In questo periodo della mia vita, così affascinante e a tratti assurdo, ho messo in discussione diversi aspetti di me stessa.
Ogni volta che cresciamo, siamo chiamati a seminare qualcosa di nuovo. E ogni semina porta con sé nuove cure, nuovi raccolti, ma anche nuove fatiche.
Mi sono sentita inadeguata in alcune relazioni, ho provato disagio, e la mente ha iniziato a fare mille giri a vuoto. Dentro di me convivevano due versioni: una pacifica e serena, l’altra furiosa e in tumulto. E ho lasciato che si esprimessero entrambe.
Quando tocchiamo le nostre certezze, quando il cambiamento bussa forte alla porta della mente, ecco che l’ego entra in scena. E lo fa con maestria. Il suo compito è mantenerci piccoli, impauriti, insicuri. È bravo, lo ammetto.
L’ego non ama la pace, a meno che non sia momentanea. Lui vuole il dramma, il giudizio, la separazione. E la sua frase preferita è questa: “Cerca, ma non trovare", un modo raffinato per dire: “Non allontanarti troppo da me.”
E così ci ritroviamo a cercare risposte che già conosciamo, a scavare pozzi senz’acqua, a lottare contro nemici invisibili.
Quando invece la vera rivoluzione accade quando ci fermiamo. Quando riconosciamo che il problema, a volte, è la soluzione travestita.
Essere felici non significa non soffrire mai, non avere dubbi o smettere di sbagliare.Significa invece accogliere la complessità della vita con uno sguardo più ampio, scegliere la determinazione che apre nuove strade e l’abbandono che guarisce le vecchie ferite.
La felicità ha bisogno di due forze:
La forza del guerriero che sceglie di cambiare rotta
La dolcezza del guaritore che accarezza e cura le cicatrici
E quando riusciamo a muoverci tra queste due polarità, accade un piccolo miracolo: le relazioni si trasformano, la mente si calma e il cuore torna a respirare.
Una delle cose che ho compreso lungo il mio cammino, è che gli amici nuovi arrivano quando smettiamo di corteggiare i nemici.
Quando smetti di inseguire chi ti rifiuta, chi non ti vede, chi ti giudica, e inizi a guardare chi ti guarda con amore, cambia tutto.
Perché la felicità nasce quando iniziamo a guardarci con gli stessi occhi con cui vorremmo essere guardati, e smettiamo di chiedere agli altri quello che non siamo disposti a darci.
La meta non è diventare perfetti, ma imparare ad amare con un cuore impavido, non più come bambini spaventati, ma come adulti consapevoli, che scelgono l’amore anche quando fa paura.
Fermati. Respira. Riconosci il punto da cui parti.

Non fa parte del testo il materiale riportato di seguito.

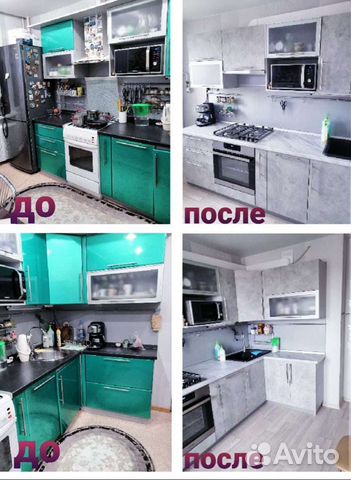 Ремонт любой корпусной мебели и кухонь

Scegli relazioni che ti nutrono e non quelle che ti prosciugano.
Abbandona la lotta contro te stesso: sii alleato della tua parte fragile.
Ama con coraggio.
La felicità non è per chi scappa, ma per chi resta, guarda, accoglie.
Questa è la via che conosco, quella che pratico ogni giorno, e che insegno nei miei percorsi. Non ha formule magiche, ma ha verità profonde.